To all of you desperate to fully grasp the offside rule before Wednesday’s quarterfinals, panic not. We shall return to that model of clarity and disambiguity tomorrow. But in the meantime, the best sport in the world! Yes, I refer to swimming. Not racey, pacey, indoor Masters swimming, although that’s pretty cool too, and much more fun to watch than football, but open water swimming, my new favourite thing
You probably guessed from yesterday’s post that I spent the day swimming, and indeed, I spent much of today swimming too, in the same place, the glorious Dart river. Today’s swim took a different route up the Harbourne River, a tributary of the Dart, and equally beautiful. The Harbourne however is faster-flowing so we had to dig in and push up between its banks, watching as trees and fields and hedges each crept slowly backwards as we steadily forced our way up against the current to the Maltsters Arms at Tuckenhay. There we had a brief stop for water and jelly babies before cruising back on the current, pausing to collect our lovely kayaker Stuart who crossed us over the entrance to the Dart to keep us safe from boats, and finishing by chugging back round and into the creek up to Stoke Gabriel.
It may sound less lyrical in its description than yesterday’s swim, but it was equally lovely. I discovered that I love swimming against the current, digging deep and using all the strength in my arms to push myself upstream. I love long swims through open water when I can find a rhythm and relax into it and enjoy watching the countryside going past on either side. I love the pauses to chat and check out the scenery and wave to passing boats and wait for other swimmers to catch up. I love sighting, practising supporting myself on my forward arm and just raising my head enough to see whatever I’m aiming at. Today I loved waiting while Stuart escorted another swimmer up to the Dart entrance, floating starfished on my back watching the clouds and the blue sky, my feet just resting against the Bow Creek buoy. (It says ‘No mooring’, but I figured my feet didn’t really count.) And I loved, loved, loved the swimming, the feel of being in my body, right now, here, in the world, doing something I have found that I can do and that I love. It feels like such a blessing, this sport, not just the pleasure of doing it in itself, but all the friendships I have made and the wonderful community that I have suddenly found myself a part of. To have come to this in my fifties feels like having lived in a house for half a century and one day opening a door and finding a wing I didn’t know was there, suite after suite of beautiful rooms looking out on hitherto undiscovered gardens and vistas. A true blessing indeed.

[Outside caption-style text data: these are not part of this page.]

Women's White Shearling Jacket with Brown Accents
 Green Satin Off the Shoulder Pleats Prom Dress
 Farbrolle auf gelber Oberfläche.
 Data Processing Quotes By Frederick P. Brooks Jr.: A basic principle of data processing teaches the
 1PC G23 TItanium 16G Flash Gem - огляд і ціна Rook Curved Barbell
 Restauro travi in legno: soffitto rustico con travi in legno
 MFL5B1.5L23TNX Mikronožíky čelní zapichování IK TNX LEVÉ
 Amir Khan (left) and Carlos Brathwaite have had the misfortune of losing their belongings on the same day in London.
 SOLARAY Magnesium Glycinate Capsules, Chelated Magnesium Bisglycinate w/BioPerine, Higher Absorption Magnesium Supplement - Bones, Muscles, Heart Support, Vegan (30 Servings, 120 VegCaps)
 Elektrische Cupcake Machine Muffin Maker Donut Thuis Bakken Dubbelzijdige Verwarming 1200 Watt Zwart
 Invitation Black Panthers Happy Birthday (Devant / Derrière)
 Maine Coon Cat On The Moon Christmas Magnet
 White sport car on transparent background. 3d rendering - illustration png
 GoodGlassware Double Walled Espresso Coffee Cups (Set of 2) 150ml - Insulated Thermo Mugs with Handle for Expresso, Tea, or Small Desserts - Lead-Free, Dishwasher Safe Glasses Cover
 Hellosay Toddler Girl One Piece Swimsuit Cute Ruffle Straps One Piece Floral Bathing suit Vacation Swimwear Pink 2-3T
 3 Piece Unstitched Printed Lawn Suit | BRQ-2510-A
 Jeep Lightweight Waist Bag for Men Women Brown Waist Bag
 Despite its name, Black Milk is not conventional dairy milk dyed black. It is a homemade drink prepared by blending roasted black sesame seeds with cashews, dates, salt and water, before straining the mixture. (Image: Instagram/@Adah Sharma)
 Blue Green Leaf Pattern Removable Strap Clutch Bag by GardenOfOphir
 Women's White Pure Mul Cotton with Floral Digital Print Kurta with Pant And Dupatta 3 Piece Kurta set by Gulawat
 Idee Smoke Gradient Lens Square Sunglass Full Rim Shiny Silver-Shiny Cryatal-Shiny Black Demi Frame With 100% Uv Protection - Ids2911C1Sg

If you would like to swim the Dart, or, indeed, other places in Devon and Cornwall, contact the lovely Olivia and Stuart Palmer, the Devonshire Dippers and they will sort you out.
So, the Footballing Fact Of The Day. Oh, yeah! Football is an ancient sport, going back to ancient Greece, where they played an early version of the game called Episkyros. A lekythos, an oil jar from Athens,shows a picture of a man playing keepy-uppy in front of a young boy. This image is reproduced on the European Cup trophy and proves that the practice of fathers nicking their sons’ footballs in order to show off to them is at least two and a half millennia old.
That was The Footballing Fact Of The Day. I thank you.